ÖRV Kongress 2019

Schweinezyklen, Klima und eine nicht zu Ende geführte Diskussion

Print-Ausgabe 3. Mai 2019

Handelte bei seinem Vortrag am ÖRV-Kongress ein breites Themen­spektrum ab: Austrian Airlines CEO Alexis von Hoensbroech

Ende voriger Woche hatte der neue CEO von Austrian Airlines, Alexis von Hoensbroech, seinen Premierenauftritt vor versammelter Vertriebsprominenz

Anlass war der Vortrag „Airlinemarkt in Bewegung“ im Rahmen des ÖRV-Kongresses. Alexis von Hoensbroech handelte eloquent das breite Themenspektrum ab, bis er gegen Ende zu jenem Punkt kam, der die Zuhörerschaft am meisten interessierte: Weltweit setzt Austrian Airlines 59 Prozent aller Coupons über den stationären Vertrieb (Agenten und Verkaufsstellen) ab, die aber für 71 Prozent der Umsätze sorgen (= ca. ein Fünftel höherer Yield). Dafür gab’s von ihm ein mit Applaus bedachtes Dankeschön an den Vertrieb. Online sei das Verhältnis nämlich umgekehrt (34 Prozent der Coupons, 26 Prozent Umsatz); der „sonstige“ Vertrieb bringe es bei 7 Prozent der Coupons auf gar nur 3 Prozent Umsatz.

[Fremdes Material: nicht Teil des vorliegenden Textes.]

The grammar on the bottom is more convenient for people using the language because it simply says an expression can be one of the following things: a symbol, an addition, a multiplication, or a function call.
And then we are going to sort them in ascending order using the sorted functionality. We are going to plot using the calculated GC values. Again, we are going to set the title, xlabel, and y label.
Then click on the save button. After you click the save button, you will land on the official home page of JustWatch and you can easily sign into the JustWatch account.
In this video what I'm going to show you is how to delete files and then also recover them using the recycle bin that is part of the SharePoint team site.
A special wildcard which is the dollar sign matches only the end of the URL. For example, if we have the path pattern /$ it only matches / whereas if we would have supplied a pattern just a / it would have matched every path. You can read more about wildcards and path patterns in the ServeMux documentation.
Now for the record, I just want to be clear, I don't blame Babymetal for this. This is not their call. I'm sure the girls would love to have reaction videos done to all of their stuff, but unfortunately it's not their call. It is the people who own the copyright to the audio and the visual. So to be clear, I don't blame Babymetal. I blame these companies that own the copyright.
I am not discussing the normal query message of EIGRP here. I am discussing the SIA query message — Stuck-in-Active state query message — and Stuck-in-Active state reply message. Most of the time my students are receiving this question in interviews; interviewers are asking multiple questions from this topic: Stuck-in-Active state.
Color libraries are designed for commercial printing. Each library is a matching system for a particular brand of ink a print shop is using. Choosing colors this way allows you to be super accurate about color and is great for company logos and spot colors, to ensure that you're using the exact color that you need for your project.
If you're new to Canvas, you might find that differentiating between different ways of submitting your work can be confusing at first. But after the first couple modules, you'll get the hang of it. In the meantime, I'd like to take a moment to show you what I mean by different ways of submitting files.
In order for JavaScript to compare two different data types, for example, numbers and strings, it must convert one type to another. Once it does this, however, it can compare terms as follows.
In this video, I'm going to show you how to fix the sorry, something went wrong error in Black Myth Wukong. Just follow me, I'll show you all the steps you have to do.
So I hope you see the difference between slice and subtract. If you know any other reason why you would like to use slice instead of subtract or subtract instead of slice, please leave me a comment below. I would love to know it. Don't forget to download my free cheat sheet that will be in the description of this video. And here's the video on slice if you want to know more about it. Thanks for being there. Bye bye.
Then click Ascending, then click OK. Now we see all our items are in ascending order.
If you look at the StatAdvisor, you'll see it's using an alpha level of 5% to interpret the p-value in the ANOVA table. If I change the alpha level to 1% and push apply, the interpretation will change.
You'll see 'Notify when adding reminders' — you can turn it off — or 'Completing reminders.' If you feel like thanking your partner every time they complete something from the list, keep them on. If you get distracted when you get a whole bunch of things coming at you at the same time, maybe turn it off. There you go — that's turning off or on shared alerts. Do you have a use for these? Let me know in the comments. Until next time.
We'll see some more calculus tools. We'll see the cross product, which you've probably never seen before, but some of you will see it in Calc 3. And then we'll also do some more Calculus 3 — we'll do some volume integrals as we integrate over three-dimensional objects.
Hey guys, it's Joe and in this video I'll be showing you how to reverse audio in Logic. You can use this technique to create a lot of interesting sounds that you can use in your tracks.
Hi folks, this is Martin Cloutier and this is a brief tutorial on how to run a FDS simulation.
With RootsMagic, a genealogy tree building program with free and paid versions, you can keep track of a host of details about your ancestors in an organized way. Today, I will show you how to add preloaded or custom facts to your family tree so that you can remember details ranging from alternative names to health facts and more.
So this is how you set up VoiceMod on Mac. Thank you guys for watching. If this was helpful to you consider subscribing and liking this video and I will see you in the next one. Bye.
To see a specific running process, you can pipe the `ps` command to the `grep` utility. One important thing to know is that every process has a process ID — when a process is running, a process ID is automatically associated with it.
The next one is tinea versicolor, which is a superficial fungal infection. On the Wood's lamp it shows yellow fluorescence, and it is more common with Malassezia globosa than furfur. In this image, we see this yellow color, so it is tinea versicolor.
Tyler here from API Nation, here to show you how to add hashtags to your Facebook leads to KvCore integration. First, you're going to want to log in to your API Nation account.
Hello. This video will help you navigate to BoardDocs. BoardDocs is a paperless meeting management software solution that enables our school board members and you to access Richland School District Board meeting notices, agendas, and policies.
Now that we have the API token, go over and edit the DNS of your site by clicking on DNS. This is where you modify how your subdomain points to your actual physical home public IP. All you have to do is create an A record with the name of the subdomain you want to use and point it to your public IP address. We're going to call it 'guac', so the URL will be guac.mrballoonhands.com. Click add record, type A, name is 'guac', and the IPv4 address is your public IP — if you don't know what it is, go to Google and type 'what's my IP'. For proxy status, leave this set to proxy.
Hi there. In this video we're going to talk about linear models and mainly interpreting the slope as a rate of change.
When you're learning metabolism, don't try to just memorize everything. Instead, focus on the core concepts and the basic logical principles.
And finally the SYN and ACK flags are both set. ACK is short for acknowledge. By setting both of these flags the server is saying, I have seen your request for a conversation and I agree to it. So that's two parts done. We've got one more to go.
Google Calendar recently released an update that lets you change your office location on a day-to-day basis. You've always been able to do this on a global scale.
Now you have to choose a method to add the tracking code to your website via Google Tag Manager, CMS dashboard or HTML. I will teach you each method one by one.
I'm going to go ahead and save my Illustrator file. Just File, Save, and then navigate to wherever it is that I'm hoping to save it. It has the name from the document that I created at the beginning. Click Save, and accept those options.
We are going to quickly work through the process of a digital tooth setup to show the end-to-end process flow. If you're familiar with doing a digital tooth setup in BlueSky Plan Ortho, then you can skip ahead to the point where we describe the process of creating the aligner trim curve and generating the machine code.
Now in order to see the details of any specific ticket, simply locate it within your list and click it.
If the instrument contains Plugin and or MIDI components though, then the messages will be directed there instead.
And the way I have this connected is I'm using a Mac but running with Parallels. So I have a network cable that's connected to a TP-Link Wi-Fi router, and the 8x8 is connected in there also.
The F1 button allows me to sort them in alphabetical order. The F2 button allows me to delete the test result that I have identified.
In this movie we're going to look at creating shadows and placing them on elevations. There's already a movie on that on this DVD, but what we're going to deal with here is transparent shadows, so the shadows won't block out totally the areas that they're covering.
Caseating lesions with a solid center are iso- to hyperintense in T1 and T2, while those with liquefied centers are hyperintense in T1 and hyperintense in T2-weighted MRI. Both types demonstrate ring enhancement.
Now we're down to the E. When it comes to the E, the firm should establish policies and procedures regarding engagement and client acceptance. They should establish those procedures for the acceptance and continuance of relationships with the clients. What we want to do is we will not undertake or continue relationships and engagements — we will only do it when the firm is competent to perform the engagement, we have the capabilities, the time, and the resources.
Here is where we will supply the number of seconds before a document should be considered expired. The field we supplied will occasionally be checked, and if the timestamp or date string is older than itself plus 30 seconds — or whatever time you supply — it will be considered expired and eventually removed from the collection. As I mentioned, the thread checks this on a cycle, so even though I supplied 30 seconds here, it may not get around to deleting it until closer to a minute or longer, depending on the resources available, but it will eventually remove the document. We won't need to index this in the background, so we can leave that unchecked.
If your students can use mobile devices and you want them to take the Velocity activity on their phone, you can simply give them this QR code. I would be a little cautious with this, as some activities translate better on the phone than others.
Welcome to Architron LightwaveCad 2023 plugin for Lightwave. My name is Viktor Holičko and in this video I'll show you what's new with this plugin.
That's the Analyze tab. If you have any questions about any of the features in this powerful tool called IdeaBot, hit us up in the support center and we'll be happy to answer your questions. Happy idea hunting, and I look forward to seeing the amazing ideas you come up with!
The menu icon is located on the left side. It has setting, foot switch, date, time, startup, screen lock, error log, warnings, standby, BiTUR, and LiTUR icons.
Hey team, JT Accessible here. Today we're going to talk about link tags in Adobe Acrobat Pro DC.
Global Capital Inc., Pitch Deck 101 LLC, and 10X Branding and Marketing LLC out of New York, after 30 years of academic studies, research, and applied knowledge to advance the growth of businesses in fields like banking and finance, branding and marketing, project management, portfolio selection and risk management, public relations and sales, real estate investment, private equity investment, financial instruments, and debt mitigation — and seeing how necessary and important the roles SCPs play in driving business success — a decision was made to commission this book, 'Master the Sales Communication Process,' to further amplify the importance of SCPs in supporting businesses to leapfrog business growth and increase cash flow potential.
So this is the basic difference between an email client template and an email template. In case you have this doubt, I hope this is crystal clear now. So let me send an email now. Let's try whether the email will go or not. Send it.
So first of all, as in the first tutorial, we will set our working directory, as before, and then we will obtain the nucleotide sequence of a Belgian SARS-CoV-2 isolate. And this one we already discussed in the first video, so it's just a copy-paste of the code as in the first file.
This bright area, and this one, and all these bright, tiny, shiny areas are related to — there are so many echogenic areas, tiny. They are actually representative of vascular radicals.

Als junger Berater bei der Boston Consulting Group (BCG) hatte von Hoensbroech, wie er vor dem Auditorium eingestand, 2000 bei einer Lufthansa-Präsentation noch angekündigt, dass es bis 2010 keine Reisebüros mehr geben werde. Davon könne nun keine Rede mehr sein, aber „die Kooperation (mit dem stationären Vertrieb) unterliegt einem technischen Wandel“, so von Hoensbroech. Als Stichwort nannte er NDC (New Distribution Capability), „aber dafür werde ich von Ihnen nicht so großen Applaus bekommen“.

Den erhielt stattdessen die frühere ÖRV-Präsidentin Annemarie Richard (Columbus), die angesichts der genannten Coupon-­Umsatz-Relation vom Austrian CEO einforderte: „Wenn Sie über die Kooperation mit Reisebüros reden, wäre es nett, wenn Sie darüber mehr nachdenken als nur Dankeschön zu sagen.“ Gemeint waren damit natürlich höhere Incentives. Einer weiteren Diskussion darüber wich von Hoensbroech allerdings aus.

Dafür versicherte er: „Unser Geschäft bleibt analog.“ Zunehmend digital würden aber die Schnittstellen zu den KundInnen, wobei die Digitalisierung einen guten Teil der mehr als 80 aktiven Innovations-Projekte von Austrian Airlines einnimmt.

Für Austrian sei die Ausgangsposition generell schwieriger als für die anderen Netzwerk-Carrier der Lufthansa Group, denn „Wien hat das kleineste Catchment aller Lufthansa-Hubs“. Umgekehrt habe kein anderer Hub „so viele Incoming-Passagiere“. Ergebnis sei „eine riesige Saisonalität“. All dies sind Gründe, weshalb der Durchschnitts-Yield der LH-Group Airlines in Wien um 20 Prozent niedriger liegt als in München und noch deutlicher unter Frankfurt und Zürich (siehe Grafik). Die „extreme Low Cost Schlacht“ am Standort Wien werde dies noch verschärfen.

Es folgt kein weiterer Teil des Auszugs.